Calculating odds of someone holding x clubs in a 4-player game given that he holds the club Ace, at least 4 clubs, and you hold 3 clubs

Question

In the context of a Bridge game: I have 3 clubs in my hand and I want to find how many clubs my partner has. Before any card has been played (i.e. from the bidding alone), I know he holds at least 4 clubs, one of which is the club Ace. How do I find the odds of my partner holding, say, x=4 clubs in this case? The value of x doesn't matter but I would like to learn the approach to solving problems like this.

When I came across this question I realised I had a few sub-questions:

1. How does one calculate the odds of the 10 clubs being distributed among 3 players, e.g. such that my partner has 4 clubs? (i.e. the concept behind tackling such distribution questions)

2. How does the fact that I know my partner has one particular card affect my calculation? For instance, can I simply ignore that card so that I only need to find how 9 clubs can be distributed among 3 people such that partner has 3 clubs?

edit: clarity in response to @joriki's post

Answer 1

For $4\le x\le 10$,$\;$let $p(x)$ be the probability that your partner has exactly $x$ clubs, given that

• You know your partner has at least $4$ clubs including the Ace of clubs.$\\[4pt]$
• You have exactly $3$ clubs.

Then $p(x)$ is given by $$ {\small{ {\large{p(x)}} = \frac { {\displaystyle{\binom{9}{x-1}\binom{29}{13-x}}} } { {\displaystyle{ \sum_{k=4}^{10} \binom{9}{k-1}\binom{29}{13-k} }} } }} $$ Explanation:

Excluding the Ace of clubs and the $3$ clubs in your hand, there are $9$ remaining clubs.

Excluding the $10$ non-clubs in your hand, there are $29$ remaining non-clubs.

Hence for $4\le k\le 10$, there are $$\binom{9}{k-1}\binom{29}{13-k}$$ ways to distribute $k-1$ of the remaining clubs and $13-k$ of the remaining non-clubs so that your partner has exactly $k$ clubs (including the Ace of clubs).

Answer 2

I gather from point $1$ (and the term “partner”) that you’re assuming a Bridge-like situation where the deck has $52$ cards and all of them are distributed among $4$ players.

With this kind of question, it’s important to be clear about how you gained the knowledge that you have; the probability distribution depends on this.

The answer that @quasi gives assumes that you’re asking about the conditional probability that your partner has $x$ clubs, conditional on your partner having $4$ clubs and having the ace of clubs.
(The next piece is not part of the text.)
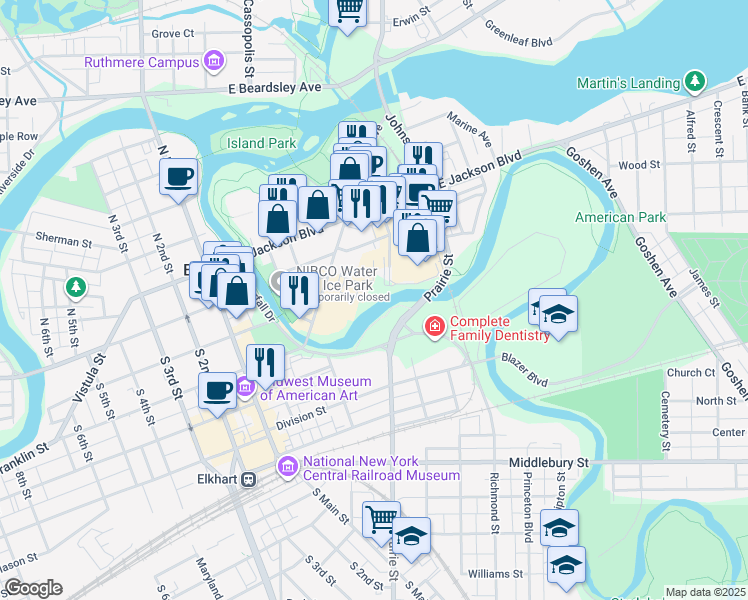 map of restaurants, bars, coffee shops, grocery stores, and more near 318 South Elkhart Avenue in Elkhart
This is the appropriate concept e.g. if you gained your knowledge by asking whether these conditions hold, i.e., you asked your partner, “Do you have at least four clubs?” and “Do you have the ace of clubs?”, and she answered yes to both questions. In that case, all hands that are compatible with these conditions are equally likely, and the resulting probability is the conditional probability given those conditions.

But it doesn’t follow from your question that this is how you gained your knowledge. For instance, you could have asked your partner whether she has at least four clubs and then asked her to tell you the rank of a random one of those clubs, and she told you that one of them is the ace of clubs. In this case, that second piece of information doesn’t change the probabilities, which would just be the conditional probabilities given that she has $4$ clubs:

$$ p(x)=\frac{\binom{10}x\binom{29}{13-x}}{\sum_{k=4}^{10}\binom{10}k\binom{29}{13-k}}\;. $$

There are of course more complicated ways to gain the knowledge that you have. For instance, in Bridge you might have deduced that knowledge from your partner’s play. Then the appropriate probability distribution may depend on the details of how you came to this conclusion. For example: If your partner made a bid that she would only make if she had four clubs including the ace of clubs, the conditional probability given these facts would be appropriate. But suppose she made a bid that she would only make if she had $4$ clubs, and then she led with the ace of clubs. What that tells you would depend on the details of which hands would cause her to lead with the ace of clubs. If she would definitely have led with the ace of clubs if she had it, then that would be like answering a question whether she has it, and the conditional probability in @quasi’s answer would be appropriate. But if (this is probably unrealistic, just as an example) she could equally well lead with any club and she just happened to lead with the ace, then the other conditional distribution above would be appropriate (since leading with a random one of her clubs is like telling you the rank of a random one of her clubs). The actual knowledge to be gained from her leading with the ace of clubs in a real game is likely more complicated than either of these two extremes.